23/09/2020 04h00Atualizada em 23/09/2020 13h37

Criado em um curso de pensamento computacional, o jogo "Tabuleiro Ori" é uma iniciativa de jovens das periferias de São Paulo para transformar a música em instrumento educativo para mergulhar na história da população negra brasileira.

"Esse jogo é para legitimar um pretinho na escola falar assim: 'se você pensa minha história como parte da escravidão, você está muito enganado, nós somos seres milionários, tá ligado'. Eu acho que a grande resposta do Ori é essa", diz a produtora cultural Magda Souza, uma das seis jovens moradoras das periferias de São Paulo, que usaram o pensamento computacional para elaborar o jogo "Tabuleiro Ori".

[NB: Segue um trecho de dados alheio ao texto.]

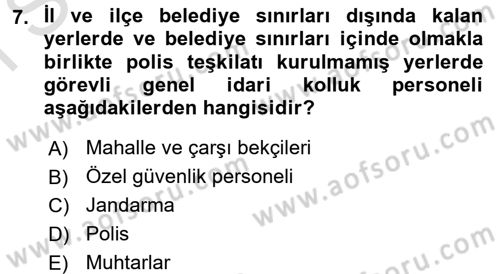 İdare Hukuku Dersi 2015 - 2016 Yılı (Final) Dönem Sonu Sınav Soruları 7. Soru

Magda faz parte do grupo que participou do programa de formação Programaê, um curso que convida jovens das periferias a desenvolver um pensamento computacional, utilizado para estimular a introdução da lógica de programação, que é empregada na maioria dos dispositivos tecnológicos.

Ao longo do curso, os jovens transformaram suas vivências sociais na quebrada em um plano pedagógico focado na difusão do pensamento computacional nas escolas públicas das periferias de São Paulo. Para isso, eles construíram um plano de aulas a partir dos conhecimentos adquiridos no projeto.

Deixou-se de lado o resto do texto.